** WHAT IS EXPECTED **
Please transcribe only the lines between the one containing "thumbnail: Restaurant" and the end of the records, both ends included, exactly as written; skip every picture.

************

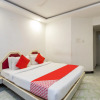 Отель OYO Flagship 140 Amaltas AB Road, фото 3
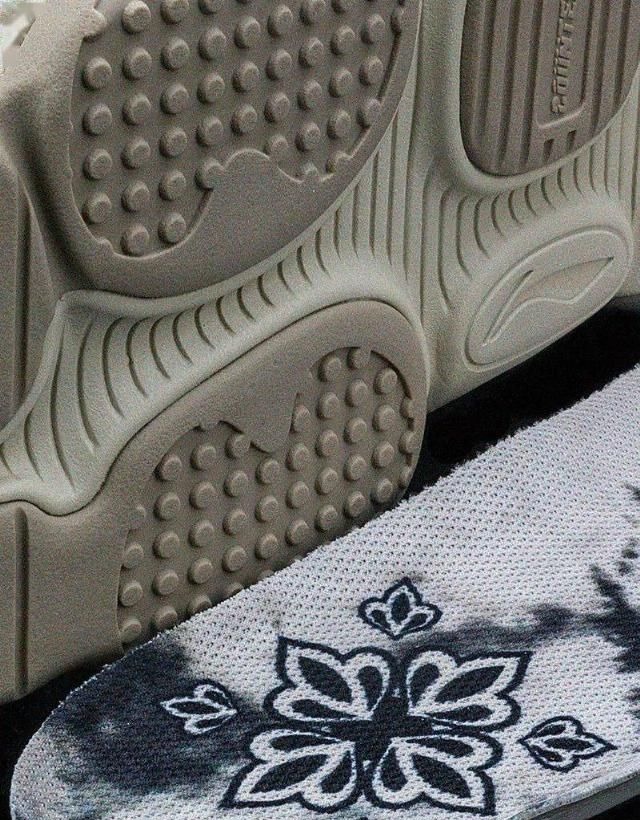 li 真不是因为国产才吹爆跋涉两千多公里只为早点穿上这双鞋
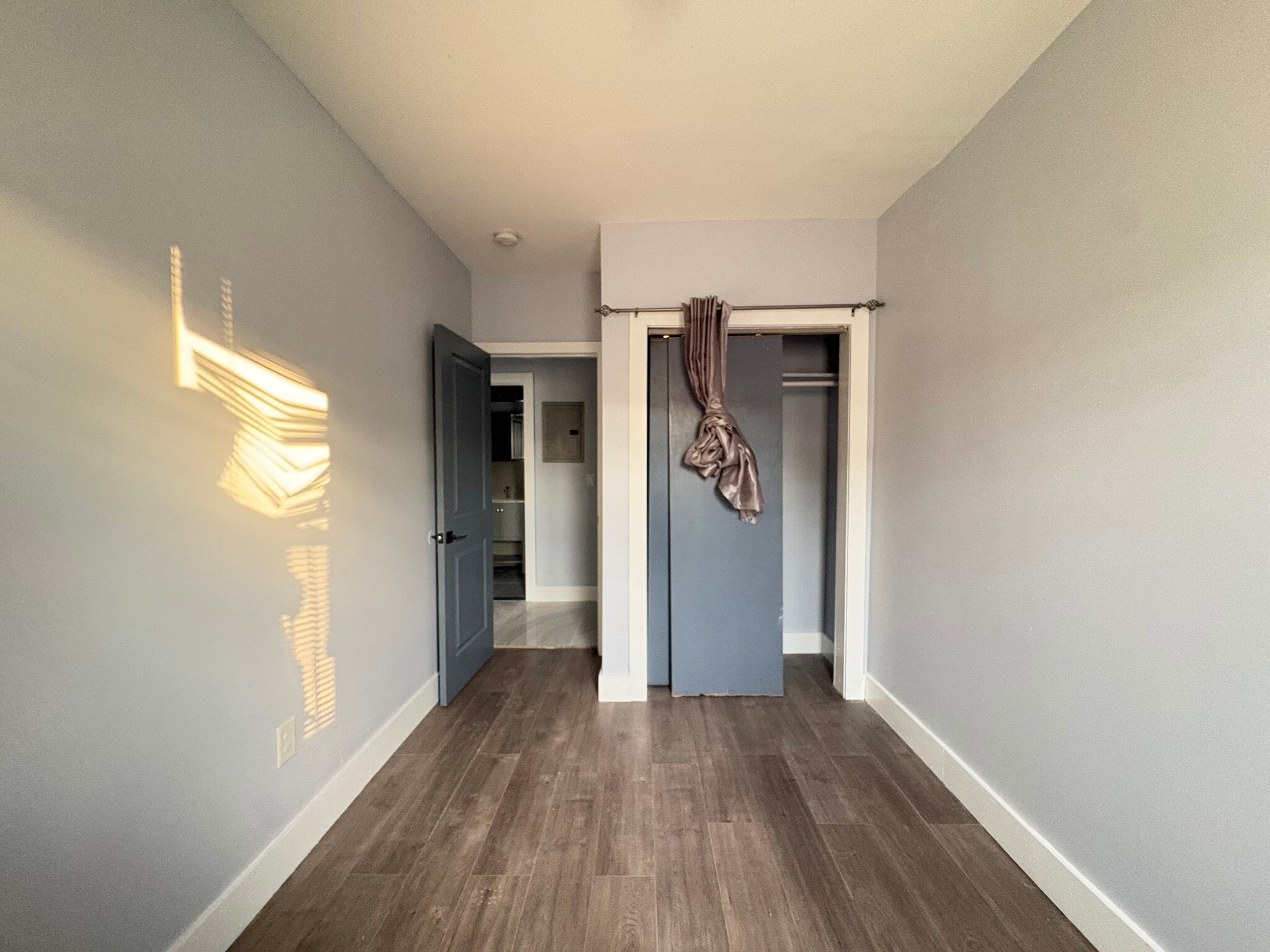 Building Photo - 152 Van Horne St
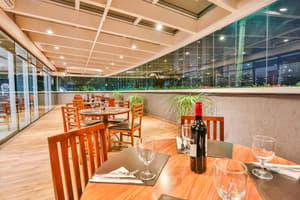 thumbnail: Restaurant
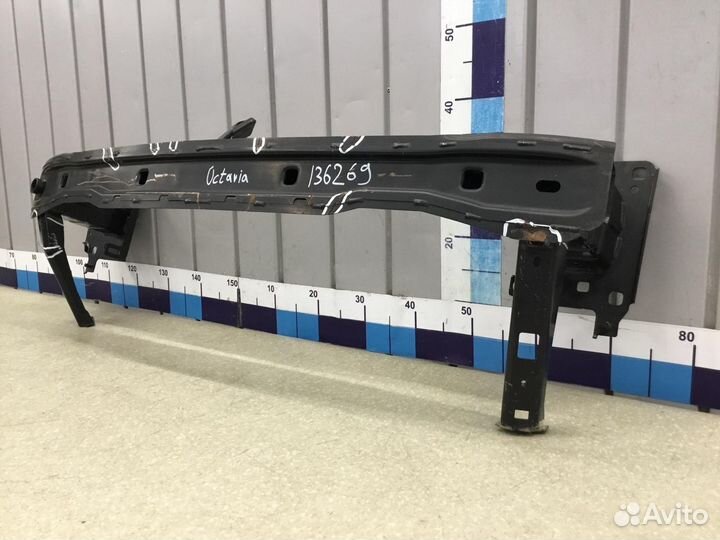 Усилитель переднего бампера Skoda Octavia (A8) 201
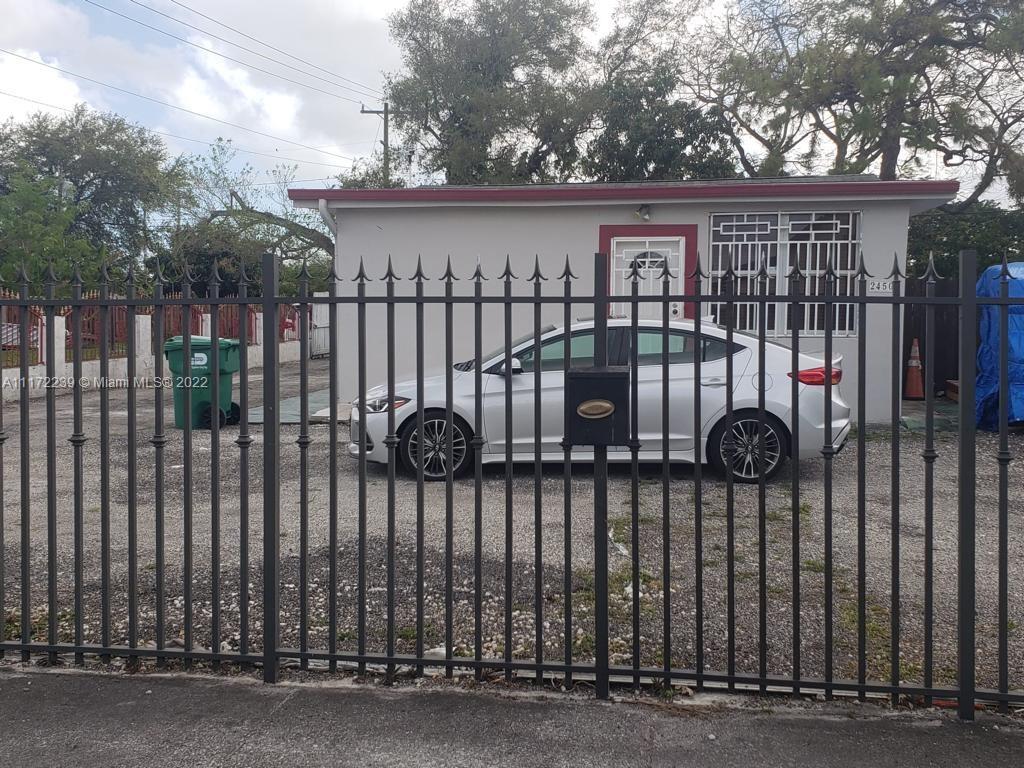 ELIZABETH PARK - Residential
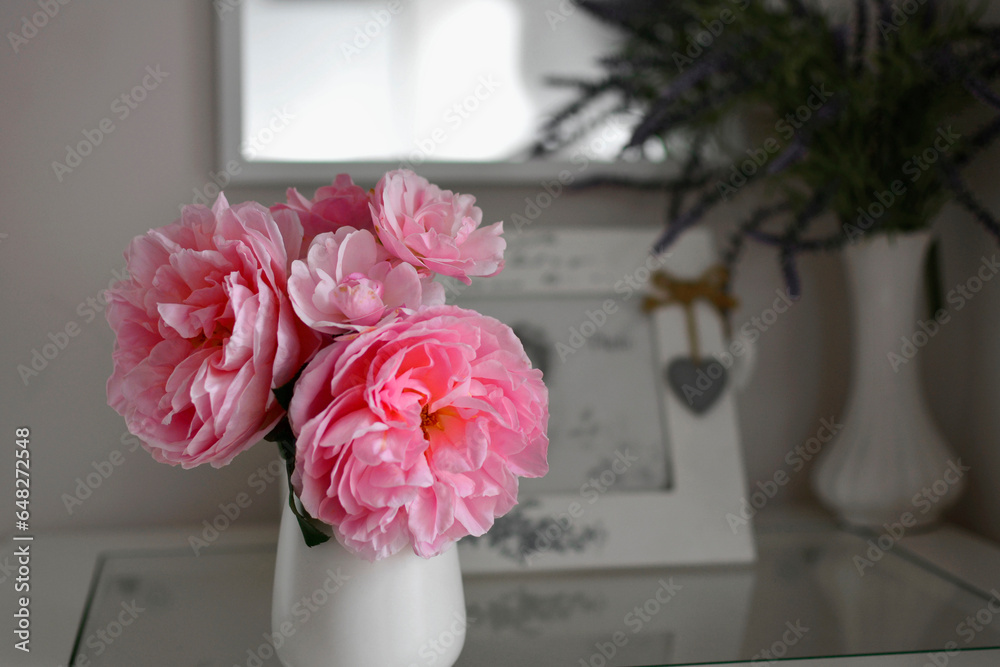 romantyczna rózowa roża w białym wazonie na stoliku, romantyczne tło, rózowa róza w wazonie, róza i ramka ze zdjęciem, romantic pink rose in a white vase on the table, romantic background - obrazy, fototapety, plakaty 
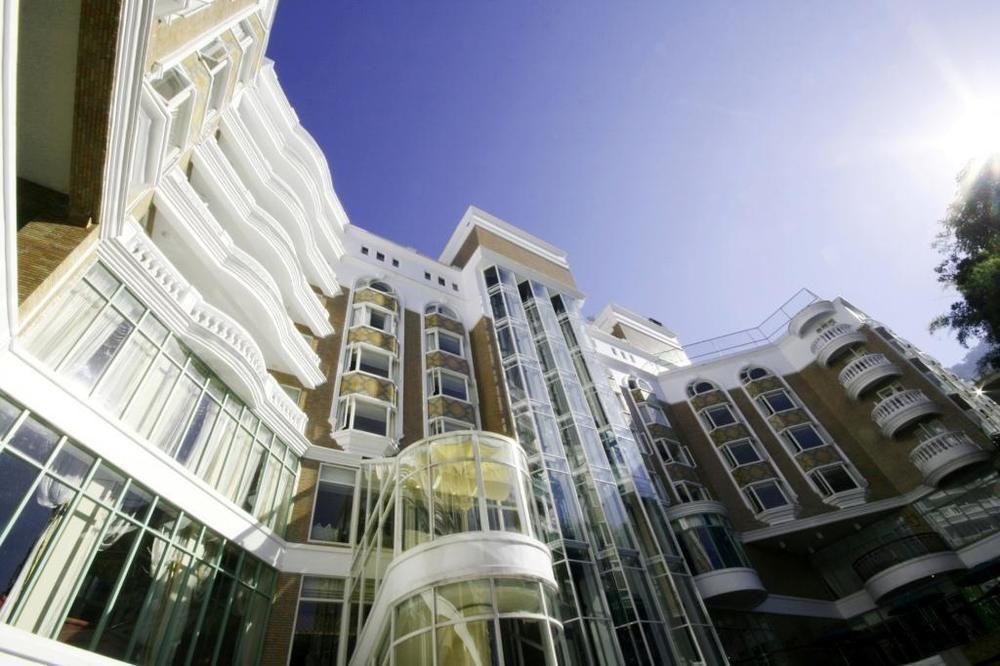 Le Midi Hotel Chitou Lugu Buitenkant foto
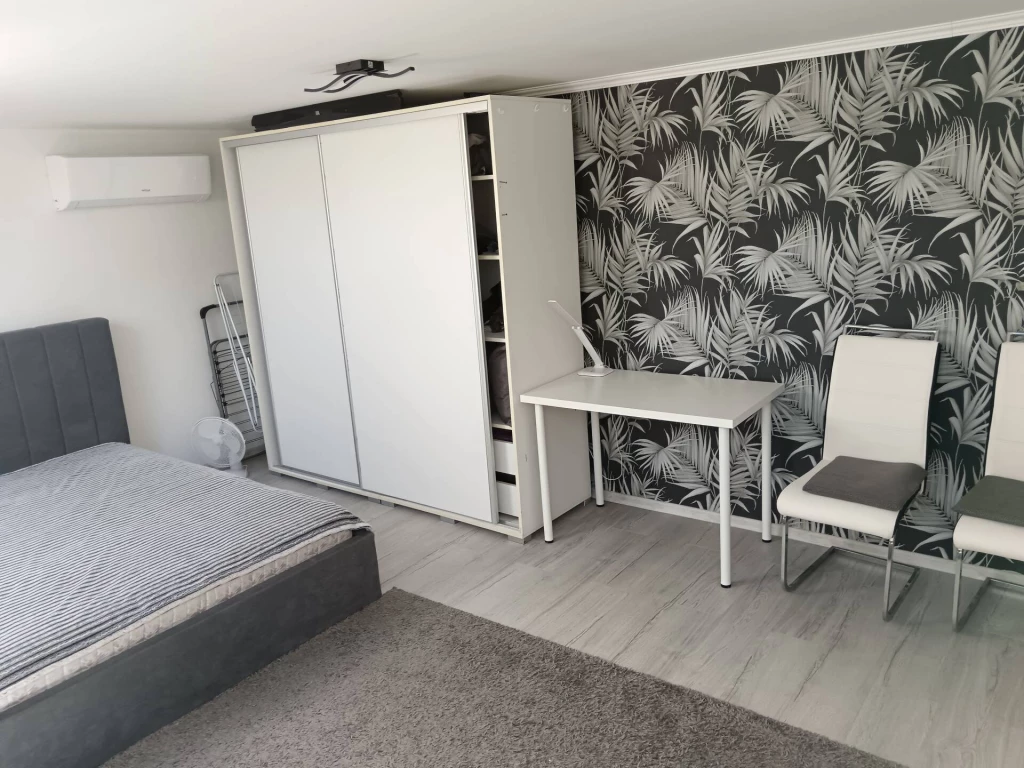 For sale terraced house, Almásfüzitő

************

** OUTPUT OF THE TASK **
 thumbnail: Restaurant
 Усилитель переднего бампера Skoda Octavia (A8) 201
 ELIZABETH PARK - Residential
 romantyczna rózowa roża w białym wazonie na stoliku, romantyczne tło, rózowa róza w wazonie, róza i ramka ze zdjęciem, romantic pink rose in a white vase on the table, romantic background - obrazy, fototapety, plakaty 
 Le Midi Hotel Chitou Lugu Buitenkant foto
 For sale terraced house, Almásfüzitő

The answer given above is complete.